Grèce : « Pas de programme, pas d’achats ! »

A l’occasion de sa réunion du mois d’octobre, la BCE a dévoilé de nouveaux détails de son programme d’achat d’ABS. Des ABS chypriotes et grecs pourront faire partie des actifs éligibles, à condition que leurs Etats soient couverts par un programme UE-FMI.

  • A l’occasion de sa réunion du mois d’octobre, la BCE a dévoilé de nouveaux détails de son programme d’achat d’ABS.
  • Des ABS chypriotes et grecs pourront faire partie des actifs éligibles, à condition que leurs Etats soient couverts par un programme UE-FMI.
  • Cette condition renvoie aux dérogations particulières octroyées au pays sous programme dans les opérations de refinancement auprès de la BCE.
  • Beaucoup d’interrogations demeurent, cependant, soulignant l’absence de consensus sur le sujet.
A l’occasion de la réunion de politique monétaire du mois d’octobre, la Banque Centrale Européenne (BCE) a dévoilé certains détails concernant son programme d’achats de titres adossés à des actifs (Asset-Backed Securities, ABS).
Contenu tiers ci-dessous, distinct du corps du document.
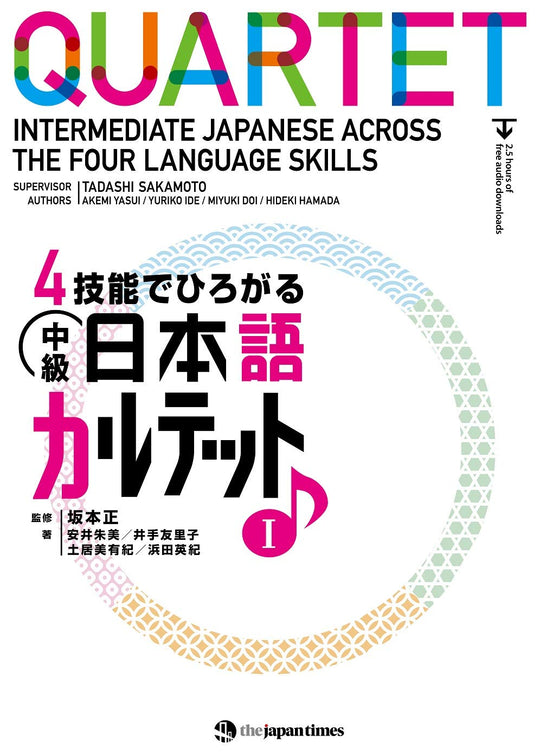 Intermediate Japanese Quartet I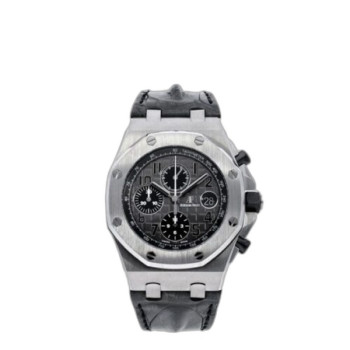 로얄오크 오프쇼어 42 26470ST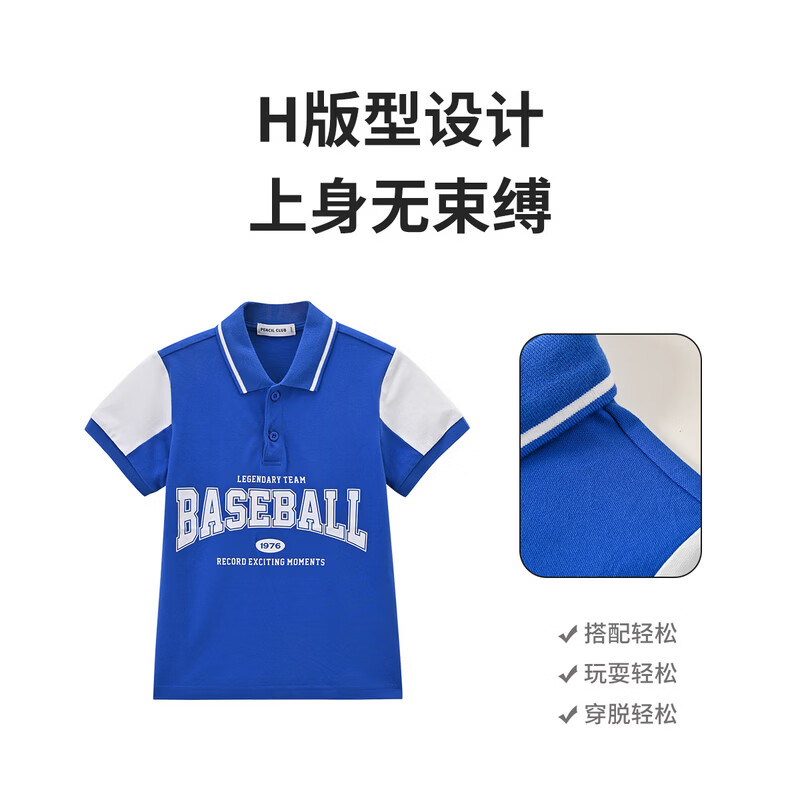 铅笔俱乐部童装2026夏季新品男童T恤中大童翻领短袖儿童撞色印花上衣 彩蓝 140 140cm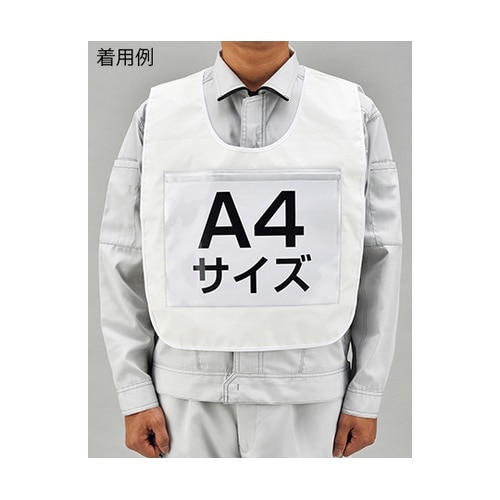 ゼッケン−300 差し込み式安全ベスト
A partir du T4 2014 et pendant au moins deux ans, la BCE achètera sur les marchés primaire et secondaire des tranches « senior » et « mezzanine » d’ABS. Pour être éligibles, les tranches « senior (1) » devront être acceptées comme collatéraux dans les opérations de refinancement auprès de la BCE et être notées au minimum BBB-/Baa3/BBBL par les agences de notation, c’est-à-dire classées en catégorie investment (par opposition à speculative). Ces deux critères a priori équivalents - les actifs apportés en collatéraux pour les opérations de refinancement doivent être notés au minimum BBB-/Baa3/BBBL - peuvent, en pratique, être distincts, et c’est précisément cette distinction qui est invoquée lorsqu’il s’agit des cas chypriote et grec.Des conditions spécifiques seront appliquées pour les achats ABS chypriotes et grecs. Ces Etats étant notés en catégorie speculative (2) et la note souveraine constituant un plafond pour celle des ABS, ces derniers ne respectent pas la règle de la notation minimum. Afin de les intégrer dans le programme, la BCE introduit un principe de prudence, avec deux implications: d’une part, le montant des achats d’ABS sera moindre pour Chypre et la Grèce, d’autre part, ces pays devront être couverts par un programme UE-FMI, une condition résumée explicitement dans la conférence de presse par « no programme, no purchases».Graphique 1 - Source: Eurostat, Bloomberg, ECBC

L’annexe technique sur les détails du programme (3) fait le lien entre l’existence d’un programme UE-FMI et les conditions d’éligibilité au programme d’achat d’ABS. Il y est précisé que les ABS chypriotes et grecs feront l’objet d’une dérogation aux règles générales duprogramme tant que les critères d’éligibilité des actifs apportés en collatéraux aux opérations de refinancement de la BCE seront suspendus pour ces Etats. Afin d’assurer l’approvisionnement en euros des systèmes bancaires des pays les plus durement touchés par la crise la BCE avait suspendu les conditions de notation minimum en cas de programme UE-FMI4. En résumé, la BCE pourra acheter des ABS chypriotes et grecs notés en catégorie speculative tant que ce critère ne sera pas retenu dans les opérations de refinancement, c’est-à-dire tant que les Etats chypriote et grec seront sous un programme UE-FMI.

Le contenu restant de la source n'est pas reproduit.